▸ **Task item**
Restate exactly, and only, the lines from the one containing "Universal Thread Green" through the end of the entries, keeping both endpoints.

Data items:
+ + + + +
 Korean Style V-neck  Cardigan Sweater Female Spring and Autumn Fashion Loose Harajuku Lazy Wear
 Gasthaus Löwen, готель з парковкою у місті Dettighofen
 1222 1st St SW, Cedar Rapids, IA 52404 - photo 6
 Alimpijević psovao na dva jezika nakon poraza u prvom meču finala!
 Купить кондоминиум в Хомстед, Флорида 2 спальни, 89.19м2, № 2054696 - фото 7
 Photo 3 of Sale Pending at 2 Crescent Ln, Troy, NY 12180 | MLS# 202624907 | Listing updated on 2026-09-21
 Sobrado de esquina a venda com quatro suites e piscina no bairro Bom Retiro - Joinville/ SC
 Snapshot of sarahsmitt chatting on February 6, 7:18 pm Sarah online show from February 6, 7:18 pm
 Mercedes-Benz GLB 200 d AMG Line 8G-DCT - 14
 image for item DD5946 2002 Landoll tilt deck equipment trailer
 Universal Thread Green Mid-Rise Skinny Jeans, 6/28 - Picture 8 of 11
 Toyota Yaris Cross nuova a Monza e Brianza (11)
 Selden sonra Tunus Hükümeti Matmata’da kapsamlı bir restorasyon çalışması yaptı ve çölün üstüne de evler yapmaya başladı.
+ + + + +
▸ **Result of this exercise**
 Universal Thread Green Mid-Rise Skinny Jeans, 6/28 - Picture 8 of 11
 Toyota Yaris Cross nuova a Monza e Brianza (11)
 Selden sonra Tunus Hükümeti Matmata’da kapsamlı bir restorasyon çalışması yaptı ve çölün üstüne de evler yapmaya başladı.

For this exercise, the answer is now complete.